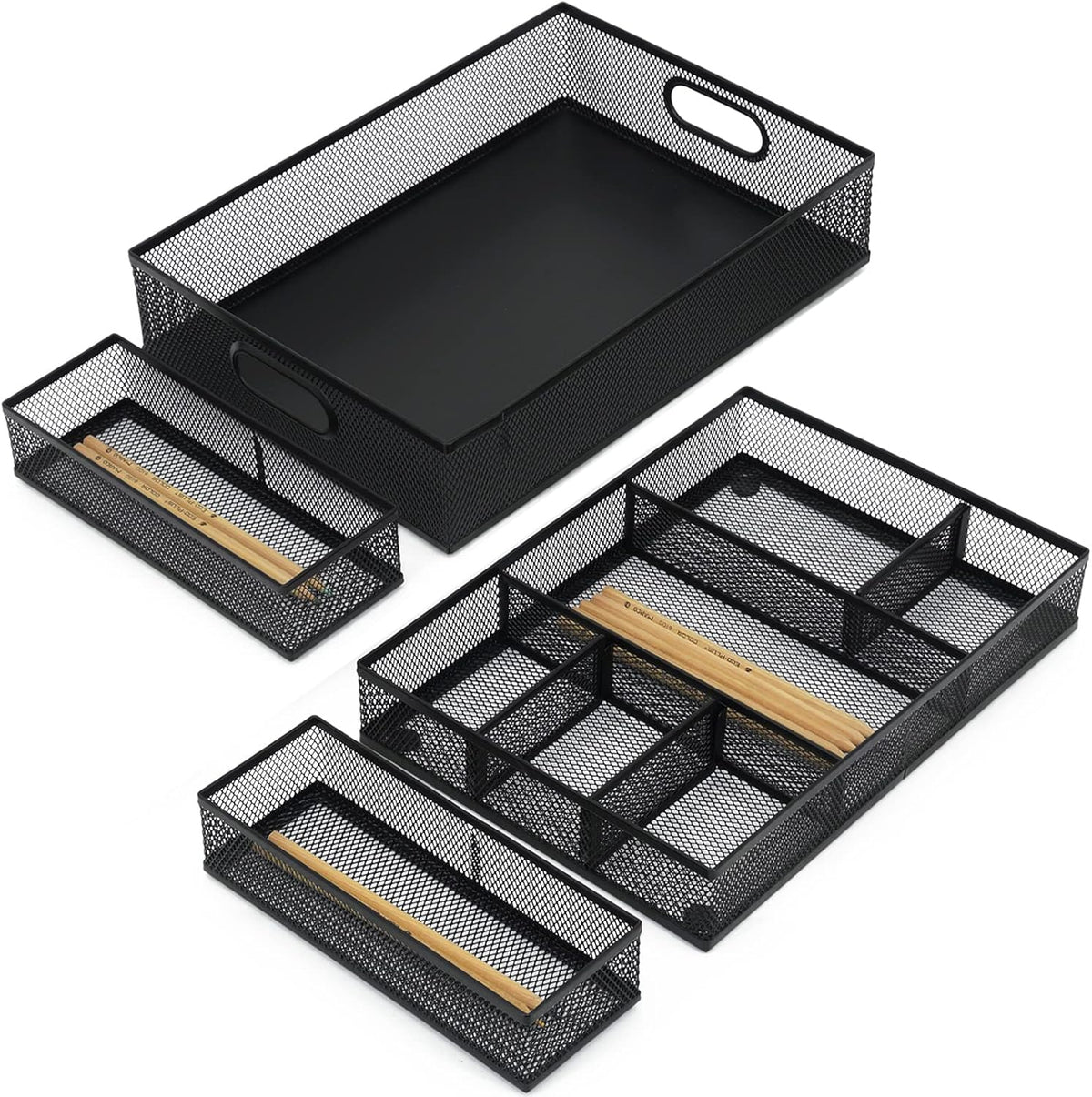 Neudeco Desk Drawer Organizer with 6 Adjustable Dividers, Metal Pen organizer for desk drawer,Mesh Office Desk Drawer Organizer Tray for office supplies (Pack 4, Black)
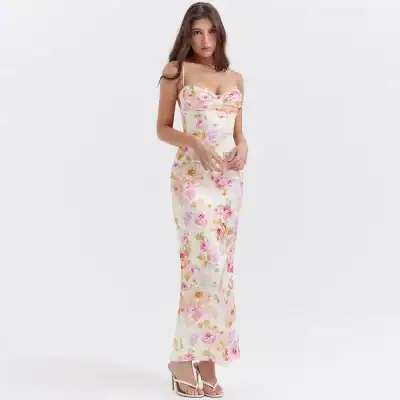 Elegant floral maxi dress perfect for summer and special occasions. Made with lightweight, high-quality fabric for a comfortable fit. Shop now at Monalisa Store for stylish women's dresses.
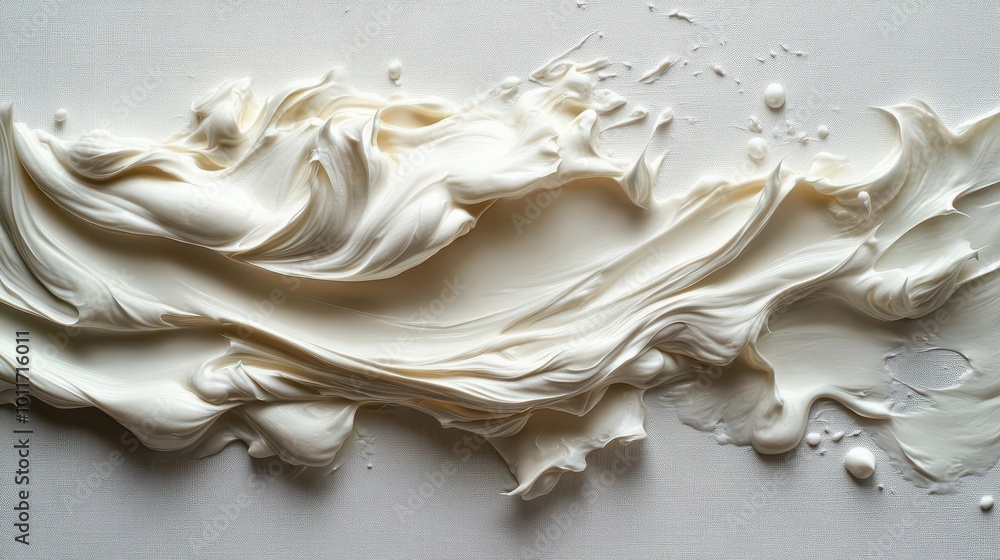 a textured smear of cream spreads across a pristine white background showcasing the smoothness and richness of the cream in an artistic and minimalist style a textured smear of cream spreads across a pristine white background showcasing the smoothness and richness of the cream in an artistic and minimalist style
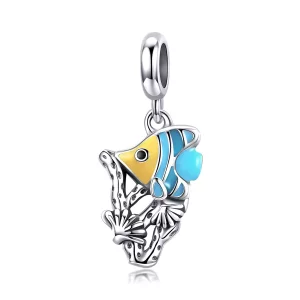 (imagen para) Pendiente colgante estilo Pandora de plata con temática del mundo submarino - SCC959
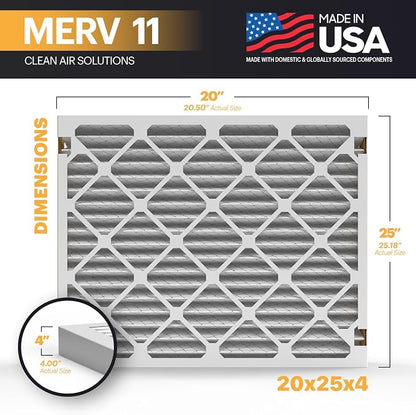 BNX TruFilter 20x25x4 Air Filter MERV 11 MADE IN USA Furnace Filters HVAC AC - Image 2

+===+

## Your assignment
An exact copy of the lines from the one with "minimalist style a" through the end of the records: produce that and nothing more, leaving out the pictures.

## Completed task
 a textured smear of cream spreads across a pristine white background showcasing the smoothness and richness of the cream in an artistic and minimalist style a textured smear of cream spreads across a pristine white background showcasing the smoothness and richness of the cream in an artistic and minimalist style
 (imagen para) Pendiente colgante estilo Pandora de plata con temática del mundo submarino - SCC959
 BNX TruFilter 20x25x4 Air Filter MERV 11 MADE IN USA Furnace Filters HVAC AC - Image 2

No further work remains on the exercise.